Having the will to keep showing up to your workouts despite everything going wrong is not easy, and If you are having a lousy time like me, here’s some advice from the trenches:
- Keep a workout journal and write everything down- Even if your workout was complete shit and you hate your life. Sometimes you don’t even know you are making progress. Journaling forces you to be mindful- which I need, because my brain environment is all anxiety and chaos.
- Pay attention to your heart rate if you have a fitness watch. (I have a Garmin Vivoactive 3). Not all miles are created equal, and even though your body isn’t cooperating, your lungs could be making strides. More small changes to pay attention to.
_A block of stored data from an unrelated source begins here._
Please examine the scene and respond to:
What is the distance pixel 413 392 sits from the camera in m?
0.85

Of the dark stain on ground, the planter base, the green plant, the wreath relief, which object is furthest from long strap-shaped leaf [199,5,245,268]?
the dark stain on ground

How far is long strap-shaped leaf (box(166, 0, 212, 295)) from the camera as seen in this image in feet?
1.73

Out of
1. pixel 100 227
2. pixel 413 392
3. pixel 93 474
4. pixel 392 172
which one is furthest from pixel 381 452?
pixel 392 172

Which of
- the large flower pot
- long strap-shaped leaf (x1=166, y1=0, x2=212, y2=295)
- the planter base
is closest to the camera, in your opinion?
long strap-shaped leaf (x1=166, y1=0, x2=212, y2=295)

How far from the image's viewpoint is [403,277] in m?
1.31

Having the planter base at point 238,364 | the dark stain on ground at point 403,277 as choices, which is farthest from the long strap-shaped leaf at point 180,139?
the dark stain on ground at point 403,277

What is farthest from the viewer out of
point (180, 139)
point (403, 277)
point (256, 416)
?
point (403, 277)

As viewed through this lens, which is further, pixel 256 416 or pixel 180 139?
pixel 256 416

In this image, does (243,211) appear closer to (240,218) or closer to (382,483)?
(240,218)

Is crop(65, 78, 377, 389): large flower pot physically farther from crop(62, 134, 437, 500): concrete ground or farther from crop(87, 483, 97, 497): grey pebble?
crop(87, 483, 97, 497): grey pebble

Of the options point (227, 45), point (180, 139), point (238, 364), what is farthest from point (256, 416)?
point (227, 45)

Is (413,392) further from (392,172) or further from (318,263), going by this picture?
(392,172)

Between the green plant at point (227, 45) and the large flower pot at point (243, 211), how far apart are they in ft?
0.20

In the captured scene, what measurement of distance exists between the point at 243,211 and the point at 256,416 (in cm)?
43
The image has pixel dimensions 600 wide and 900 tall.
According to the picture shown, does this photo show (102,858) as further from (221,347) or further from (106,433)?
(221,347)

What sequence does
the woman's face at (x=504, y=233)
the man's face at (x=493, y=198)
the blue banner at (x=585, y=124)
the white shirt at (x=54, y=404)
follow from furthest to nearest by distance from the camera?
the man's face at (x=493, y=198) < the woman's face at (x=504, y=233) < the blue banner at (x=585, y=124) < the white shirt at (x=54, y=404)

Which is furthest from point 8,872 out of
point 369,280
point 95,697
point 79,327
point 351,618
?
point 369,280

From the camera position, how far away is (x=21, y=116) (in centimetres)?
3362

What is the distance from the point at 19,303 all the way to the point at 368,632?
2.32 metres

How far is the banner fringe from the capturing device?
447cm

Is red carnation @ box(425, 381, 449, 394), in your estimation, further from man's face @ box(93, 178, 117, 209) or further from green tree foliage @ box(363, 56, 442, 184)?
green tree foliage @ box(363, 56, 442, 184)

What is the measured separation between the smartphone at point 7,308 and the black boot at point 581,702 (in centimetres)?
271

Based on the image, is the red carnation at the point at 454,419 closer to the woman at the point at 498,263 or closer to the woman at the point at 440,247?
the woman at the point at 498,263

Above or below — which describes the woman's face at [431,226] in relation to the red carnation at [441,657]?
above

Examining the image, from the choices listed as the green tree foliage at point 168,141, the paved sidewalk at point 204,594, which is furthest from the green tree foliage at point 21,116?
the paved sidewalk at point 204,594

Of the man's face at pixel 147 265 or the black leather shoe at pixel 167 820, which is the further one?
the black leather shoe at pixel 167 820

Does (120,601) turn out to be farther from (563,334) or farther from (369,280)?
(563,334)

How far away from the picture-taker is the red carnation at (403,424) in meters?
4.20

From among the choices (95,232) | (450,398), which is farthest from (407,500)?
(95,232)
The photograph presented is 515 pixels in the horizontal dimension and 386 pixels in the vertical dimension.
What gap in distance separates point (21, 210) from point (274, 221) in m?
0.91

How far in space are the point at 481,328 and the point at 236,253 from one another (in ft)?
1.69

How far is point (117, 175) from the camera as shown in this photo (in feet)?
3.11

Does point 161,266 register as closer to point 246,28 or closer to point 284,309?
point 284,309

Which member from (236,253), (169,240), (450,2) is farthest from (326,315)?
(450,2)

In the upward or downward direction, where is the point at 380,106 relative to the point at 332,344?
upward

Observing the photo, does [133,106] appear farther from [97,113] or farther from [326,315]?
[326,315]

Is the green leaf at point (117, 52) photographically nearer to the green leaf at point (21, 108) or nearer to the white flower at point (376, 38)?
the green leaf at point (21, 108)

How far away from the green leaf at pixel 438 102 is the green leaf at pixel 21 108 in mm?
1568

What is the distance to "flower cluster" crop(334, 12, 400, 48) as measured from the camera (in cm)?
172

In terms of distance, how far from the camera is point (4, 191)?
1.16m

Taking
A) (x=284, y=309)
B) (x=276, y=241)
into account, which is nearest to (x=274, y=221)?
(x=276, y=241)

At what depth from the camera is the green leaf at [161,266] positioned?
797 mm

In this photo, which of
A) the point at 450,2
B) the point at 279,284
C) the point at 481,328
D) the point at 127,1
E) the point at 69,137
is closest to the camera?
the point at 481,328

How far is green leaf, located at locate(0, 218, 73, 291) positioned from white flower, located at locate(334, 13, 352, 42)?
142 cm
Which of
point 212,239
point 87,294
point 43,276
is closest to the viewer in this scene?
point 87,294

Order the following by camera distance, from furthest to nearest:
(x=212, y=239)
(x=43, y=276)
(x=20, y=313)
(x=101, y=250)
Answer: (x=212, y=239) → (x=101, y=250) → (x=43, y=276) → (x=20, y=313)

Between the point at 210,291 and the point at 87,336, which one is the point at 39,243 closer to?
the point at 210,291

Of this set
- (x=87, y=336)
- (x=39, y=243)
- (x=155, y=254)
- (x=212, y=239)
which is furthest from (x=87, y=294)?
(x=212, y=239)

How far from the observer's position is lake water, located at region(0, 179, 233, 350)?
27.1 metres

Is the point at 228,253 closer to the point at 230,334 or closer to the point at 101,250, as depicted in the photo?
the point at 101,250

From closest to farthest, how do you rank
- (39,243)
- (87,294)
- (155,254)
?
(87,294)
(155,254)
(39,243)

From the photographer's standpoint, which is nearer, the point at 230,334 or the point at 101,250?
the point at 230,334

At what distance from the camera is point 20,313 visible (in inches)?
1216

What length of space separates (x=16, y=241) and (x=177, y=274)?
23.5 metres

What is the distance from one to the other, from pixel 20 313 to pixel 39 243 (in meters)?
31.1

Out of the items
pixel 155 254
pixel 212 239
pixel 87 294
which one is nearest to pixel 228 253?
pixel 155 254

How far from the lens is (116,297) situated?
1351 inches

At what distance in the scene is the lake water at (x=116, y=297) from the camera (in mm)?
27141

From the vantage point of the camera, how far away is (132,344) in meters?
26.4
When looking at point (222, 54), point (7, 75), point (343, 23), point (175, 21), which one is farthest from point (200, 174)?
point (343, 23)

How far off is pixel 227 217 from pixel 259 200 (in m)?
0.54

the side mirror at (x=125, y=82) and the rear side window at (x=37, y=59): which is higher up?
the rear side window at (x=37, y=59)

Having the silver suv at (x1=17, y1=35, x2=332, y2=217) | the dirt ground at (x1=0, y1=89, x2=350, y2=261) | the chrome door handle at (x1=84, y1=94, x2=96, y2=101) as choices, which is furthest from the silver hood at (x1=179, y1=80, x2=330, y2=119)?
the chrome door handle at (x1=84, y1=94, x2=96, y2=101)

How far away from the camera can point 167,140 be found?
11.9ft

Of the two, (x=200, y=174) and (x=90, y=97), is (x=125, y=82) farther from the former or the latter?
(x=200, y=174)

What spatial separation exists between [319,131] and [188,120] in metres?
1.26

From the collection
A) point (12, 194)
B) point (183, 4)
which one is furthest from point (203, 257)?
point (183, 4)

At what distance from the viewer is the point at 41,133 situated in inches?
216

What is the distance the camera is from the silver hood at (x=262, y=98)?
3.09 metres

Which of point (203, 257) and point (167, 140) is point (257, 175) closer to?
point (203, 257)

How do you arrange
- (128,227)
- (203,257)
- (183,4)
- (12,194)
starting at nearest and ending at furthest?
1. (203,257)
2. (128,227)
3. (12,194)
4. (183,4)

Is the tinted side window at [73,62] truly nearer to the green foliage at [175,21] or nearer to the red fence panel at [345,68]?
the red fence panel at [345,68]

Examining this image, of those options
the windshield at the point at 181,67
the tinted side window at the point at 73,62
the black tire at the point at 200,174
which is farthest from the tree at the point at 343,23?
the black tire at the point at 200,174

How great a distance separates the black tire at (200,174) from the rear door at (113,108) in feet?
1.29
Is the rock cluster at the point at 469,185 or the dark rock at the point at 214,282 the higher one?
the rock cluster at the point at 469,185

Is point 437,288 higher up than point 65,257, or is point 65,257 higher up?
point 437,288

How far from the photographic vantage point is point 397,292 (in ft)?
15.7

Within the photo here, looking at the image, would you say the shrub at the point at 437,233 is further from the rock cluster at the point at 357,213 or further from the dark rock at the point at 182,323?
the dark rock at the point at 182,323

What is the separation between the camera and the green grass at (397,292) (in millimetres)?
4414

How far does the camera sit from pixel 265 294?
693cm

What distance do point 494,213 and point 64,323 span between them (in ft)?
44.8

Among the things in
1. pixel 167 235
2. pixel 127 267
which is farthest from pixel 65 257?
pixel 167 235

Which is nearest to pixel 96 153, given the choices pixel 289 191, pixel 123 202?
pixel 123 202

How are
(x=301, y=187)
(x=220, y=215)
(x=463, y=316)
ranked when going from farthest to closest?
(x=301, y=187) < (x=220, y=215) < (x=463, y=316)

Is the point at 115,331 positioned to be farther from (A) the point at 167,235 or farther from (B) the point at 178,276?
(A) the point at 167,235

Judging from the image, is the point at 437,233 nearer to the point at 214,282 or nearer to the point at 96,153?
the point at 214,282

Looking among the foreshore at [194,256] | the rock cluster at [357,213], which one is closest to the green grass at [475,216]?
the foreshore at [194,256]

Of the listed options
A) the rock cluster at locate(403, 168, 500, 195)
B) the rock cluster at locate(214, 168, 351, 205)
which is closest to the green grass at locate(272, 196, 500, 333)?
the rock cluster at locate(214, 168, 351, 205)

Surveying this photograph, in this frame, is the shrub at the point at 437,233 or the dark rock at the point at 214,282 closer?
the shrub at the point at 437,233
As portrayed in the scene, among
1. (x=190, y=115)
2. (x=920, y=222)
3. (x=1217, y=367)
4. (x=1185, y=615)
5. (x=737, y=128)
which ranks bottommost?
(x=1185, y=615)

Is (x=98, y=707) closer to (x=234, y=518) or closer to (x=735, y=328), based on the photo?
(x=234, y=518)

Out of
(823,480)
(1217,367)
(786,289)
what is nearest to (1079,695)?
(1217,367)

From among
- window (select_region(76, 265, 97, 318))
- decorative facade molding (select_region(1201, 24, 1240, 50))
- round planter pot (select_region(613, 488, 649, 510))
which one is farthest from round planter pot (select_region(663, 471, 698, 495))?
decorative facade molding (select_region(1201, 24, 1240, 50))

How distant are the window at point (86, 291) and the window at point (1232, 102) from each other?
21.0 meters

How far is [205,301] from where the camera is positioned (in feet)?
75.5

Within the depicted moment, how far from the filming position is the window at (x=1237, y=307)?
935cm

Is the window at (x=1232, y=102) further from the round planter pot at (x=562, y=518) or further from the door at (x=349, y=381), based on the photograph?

- Make a running/ fitness Instagram account and DO NOT LINK IT TO YOUR NORMAL INSTAGRAM ACCOUNT. Your non-running friends really don’t want to hear about your training (sorry) and that’s not very motivating. Use it to make friends with other runners. You’ll be surprised to learn you are not alone and many are on very similar (sometimes crappy) journeys. The running community is supportive and inclusive.
- Retail therapy! I shouldn’t be promoting my poor spending habits, but having really awesome gear, including compression stuff and foam rollers for recovery really helps. And cute running clothes OBVIOUSLY. Wanna wear that new outfit? Gotta go run first, lady (or dude). I love it all- Oiselle, Lululemon, UnderArmour, Brooks, New Balance, Lole, Athleta, Tracksmith, Just Strong.
- Cross train when you can’t run Don’t completely abandon ship and dive into that pint of Ben & Jerry’s Chunky Monkey if you have a bad day. Spin, strength train, whatever. (And then, ice cream. Life is about balance.)
I know it sucks. It sucks hard. Losing fitness is frustrating and when you are at the ripe old age of 36 like me your metabolism looks at any time off you are taking as a one-way ticket to fat pants. Then try one of your old workouts with a 10lb weight on each hip… doesn’t really work so well.
But whether you have big PR goals or running just keeps you sane, don’t let it get the best of you. Sometimes the sweetest days are simply the ones you worked the hardest for.